I had a 5 nodes cluster, then increased to 6, then to 7, then to 8, then
back to 7. I installed 3.11.6 back when node_tokens defaulted to 256, so
as far as I understand at the expense of long repairs it should have an
excellent capacity to scale to new nodes, but I get this status:
Status=Up/Down
|/ State=Normal/Leaving/Joining/Moving
-- Address Load Tokens Owns
UN node1 1.08 TiB 256 46.4%
UN node2 1.06 TiB 256 45.8%
UN node3 1.02 TiB 256 45.1%
UN node4 1.01 TiB 256 46.6%
UN node5 994.92 GiB 256 44.0%
UN node7 1.04 TiB 256 38.1%
UN node8 882.03 GiB 256 33.9%
(I renamed nodes and sorted them to represent the date they entered the
cluster; notice node6 was decommissioned and later replaced by node8)
This is a Prometheus+Grafana graph of the process of population of a new
table (created when the cluster was already stable with node8):
https://i.imgur.com/CLDLENU.png
I don't understand why node7 (in blue) and node8 (in red) are way less
loaded with data than the others.
(as correctly reported both by "owns" and the graph)

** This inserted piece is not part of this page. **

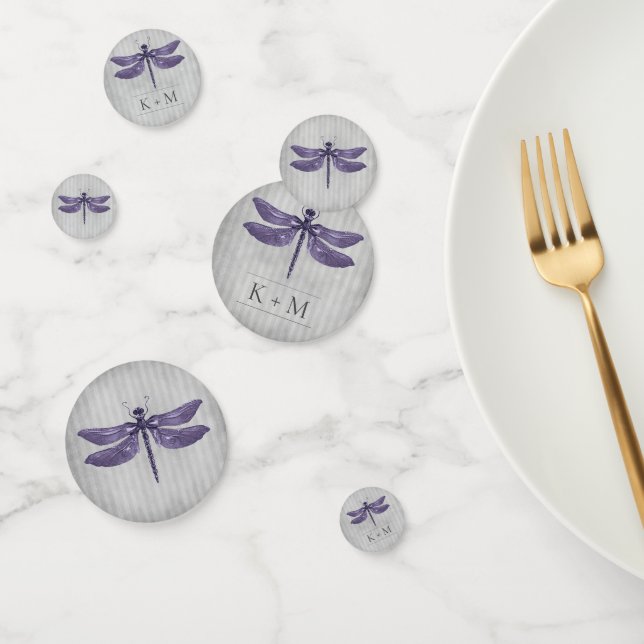 Purple Jewelled Dragonfly Wedding Confetti (Group)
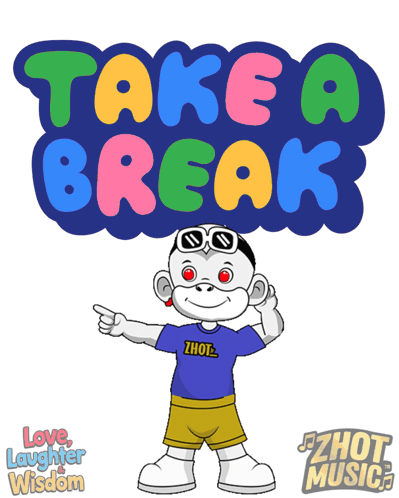 Cartoon Character Facing Colorful Take a Break Logo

PS: the purple node at the top is the disaster recovery node in a remote
location, and is alone instead of being a cluster, so it's right that it
has way more load than the others.
I tried summing all the token ranges from "nodetool ring" and they are
quite balanced (as expected with 256 virtual tokens, I guess):
% nodetool ring | awk '/^=/ { prev = -1 } /^[0-9]/ { ip = $1; pos = $8;
if (prev != -1) host[ip] += pos - prev; prev= pos; } END { tot = 0; for
(ip in host) if (ip != "nodeDR") tot += host[ip]; for (ip in host) print
host[ip] / tot, ip; }'
0.992797 nodeDR
0.146039 node1
0.148853 node2
0.139175 node3
0.135932 node4
0.140542 node5
0.143875 node7
0.145583 node8
(yes I know it has a slight bias because it doesn't manage correctly the
first line, but that's less than 0.8%)
It's true that node8 being newer probably has less "extra data", but
after adding it and after waiting for Reaper to repair all tables, I did
"nodetool cleanup" on all other nodes, so that shouldn't be it.
Oh, the tables that account for 99.9% of the used space (included the
one in the graph above) have millions of records and have a timeuuid
inside the partition key, so they should distribute perfectly well among
all tokens.
Is there any other reason for the load unbalance I didn't think of?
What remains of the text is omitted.